Sunday, April 20, 2008

Inflation Hits Close to Home


By Sujata Khandelwal
Central New York-With the economic slowdown leaving few untouched and the United States wrestling with the worst food inflation in seventeen years, low-income residents of central New York are making some tough choices just to put food on the table.

“Taking it one day at a time.”
Single mom, Deborah Wrightson, never thought she would have to make a decision between eating or heating her two-bedroom home. “I have to turn the heat off and my son says ‘Mom, I’m cold,’ and I say I know honey, but it’s expensive,” said Wrightson. Wrightson and her son Anthony are among hundreds of central New Yorkers trying to survive a struggling economy. According to a recent article on MSNBC, overall food prices this year have soared 5 percent as compared with the average 2.5 percent annual rise for the last fifteen years.

Local Organizations
For central New York families, who cannot continue to absorb the rising cost of groceries, there are several organizations lending a helping hand.
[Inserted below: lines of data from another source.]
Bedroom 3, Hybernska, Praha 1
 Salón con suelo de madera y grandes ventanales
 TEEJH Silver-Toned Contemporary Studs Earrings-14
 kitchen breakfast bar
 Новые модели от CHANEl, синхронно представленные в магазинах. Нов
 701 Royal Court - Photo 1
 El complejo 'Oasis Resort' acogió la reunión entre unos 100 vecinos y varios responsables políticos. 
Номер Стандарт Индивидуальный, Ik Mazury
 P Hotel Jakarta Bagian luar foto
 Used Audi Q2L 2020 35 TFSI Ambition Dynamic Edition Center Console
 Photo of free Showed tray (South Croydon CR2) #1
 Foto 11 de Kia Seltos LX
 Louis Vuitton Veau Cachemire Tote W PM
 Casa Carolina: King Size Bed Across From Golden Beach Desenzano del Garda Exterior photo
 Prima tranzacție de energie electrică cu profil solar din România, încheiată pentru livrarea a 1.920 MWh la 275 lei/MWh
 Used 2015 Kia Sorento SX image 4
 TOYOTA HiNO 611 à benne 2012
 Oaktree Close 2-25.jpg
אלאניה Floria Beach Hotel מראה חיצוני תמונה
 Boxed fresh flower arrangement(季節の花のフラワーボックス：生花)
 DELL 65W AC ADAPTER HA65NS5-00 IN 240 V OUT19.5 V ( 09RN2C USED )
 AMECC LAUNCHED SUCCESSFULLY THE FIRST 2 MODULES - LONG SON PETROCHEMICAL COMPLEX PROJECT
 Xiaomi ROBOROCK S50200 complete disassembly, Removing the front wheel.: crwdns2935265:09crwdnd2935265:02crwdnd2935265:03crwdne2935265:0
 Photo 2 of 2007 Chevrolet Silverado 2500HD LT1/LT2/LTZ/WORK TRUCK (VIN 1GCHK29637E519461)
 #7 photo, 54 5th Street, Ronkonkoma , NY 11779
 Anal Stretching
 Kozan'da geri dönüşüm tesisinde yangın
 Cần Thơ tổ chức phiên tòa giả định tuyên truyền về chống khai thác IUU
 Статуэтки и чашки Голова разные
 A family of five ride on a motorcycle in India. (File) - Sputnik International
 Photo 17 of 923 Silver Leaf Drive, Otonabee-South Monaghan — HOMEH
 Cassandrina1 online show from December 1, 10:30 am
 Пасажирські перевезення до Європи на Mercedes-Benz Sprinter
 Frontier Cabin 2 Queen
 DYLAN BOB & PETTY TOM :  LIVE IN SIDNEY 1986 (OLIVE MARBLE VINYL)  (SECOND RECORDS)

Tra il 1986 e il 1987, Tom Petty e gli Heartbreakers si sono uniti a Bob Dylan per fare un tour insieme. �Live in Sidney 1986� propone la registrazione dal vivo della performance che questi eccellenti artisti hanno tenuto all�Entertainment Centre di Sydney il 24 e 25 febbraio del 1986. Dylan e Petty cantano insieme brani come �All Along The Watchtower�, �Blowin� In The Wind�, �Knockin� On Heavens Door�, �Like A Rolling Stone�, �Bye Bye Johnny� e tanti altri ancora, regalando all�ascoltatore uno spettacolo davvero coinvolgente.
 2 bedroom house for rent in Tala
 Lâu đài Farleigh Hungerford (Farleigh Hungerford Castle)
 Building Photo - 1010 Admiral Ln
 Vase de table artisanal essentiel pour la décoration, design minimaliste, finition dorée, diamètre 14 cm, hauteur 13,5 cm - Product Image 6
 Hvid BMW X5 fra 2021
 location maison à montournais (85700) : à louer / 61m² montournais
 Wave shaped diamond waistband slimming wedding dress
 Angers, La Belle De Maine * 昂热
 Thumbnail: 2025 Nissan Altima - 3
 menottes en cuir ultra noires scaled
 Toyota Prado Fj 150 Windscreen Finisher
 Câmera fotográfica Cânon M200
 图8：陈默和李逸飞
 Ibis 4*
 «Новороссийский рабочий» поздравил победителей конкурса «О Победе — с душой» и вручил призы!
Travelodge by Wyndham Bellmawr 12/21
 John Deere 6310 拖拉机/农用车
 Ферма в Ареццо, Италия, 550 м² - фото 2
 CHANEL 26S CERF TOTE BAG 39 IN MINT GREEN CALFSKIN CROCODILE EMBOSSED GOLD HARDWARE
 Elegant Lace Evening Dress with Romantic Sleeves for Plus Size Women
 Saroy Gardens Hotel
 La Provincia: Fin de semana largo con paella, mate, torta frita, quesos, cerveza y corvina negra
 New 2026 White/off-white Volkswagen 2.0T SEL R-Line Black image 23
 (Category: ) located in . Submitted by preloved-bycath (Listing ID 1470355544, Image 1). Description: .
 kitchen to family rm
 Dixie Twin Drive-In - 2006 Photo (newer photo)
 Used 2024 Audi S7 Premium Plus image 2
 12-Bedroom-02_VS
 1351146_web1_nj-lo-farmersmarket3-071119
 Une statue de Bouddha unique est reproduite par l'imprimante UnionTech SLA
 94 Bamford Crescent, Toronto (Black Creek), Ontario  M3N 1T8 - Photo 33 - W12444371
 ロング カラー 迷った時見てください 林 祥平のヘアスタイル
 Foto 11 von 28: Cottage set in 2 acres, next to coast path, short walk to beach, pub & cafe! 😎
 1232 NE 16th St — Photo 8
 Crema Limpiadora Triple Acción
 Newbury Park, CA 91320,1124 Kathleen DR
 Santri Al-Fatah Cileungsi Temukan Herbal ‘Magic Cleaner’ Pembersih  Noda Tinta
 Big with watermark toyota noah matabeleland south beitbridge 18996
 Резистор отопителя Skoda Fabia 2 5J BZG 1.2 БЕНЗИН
The Food Bank of Central New York sponsors a food pantry everyday at various locations in the region. Pastor Claire Pietra of Valley Worship Church organizes a food pantry at least once a week. She notices many more people coming to the pantries. “More people are using food pantries as supplemental foods rather than emergency food. Much more people are in a crisis all the time,” she said. The Samaritan Center in downtown Syracuse prepares hot meals everyday, and it, too, is serving many more people than usual.

Feeling the Pinch
Many residents in Syracuse are finding it difficult to even afford simple basic items. Eveanne Davis recently visited a food pantry for the first time. “I stopped buying the eggs, and I don’t buy the milk, and I only buy things I have to buy, the necessities,” she said. Jalica Housely is a widow living on social security. She cannot recall a more difficult time. “This is the hardest for me. It’s very hard for me right now. Like, I said, I manage though,” she said.

Although many in Syracuse continue to struggle, and perhaps wouldn’t survive without food pantries and the good will of volunteer agencies, it’s the help from above that get them through one day at a time.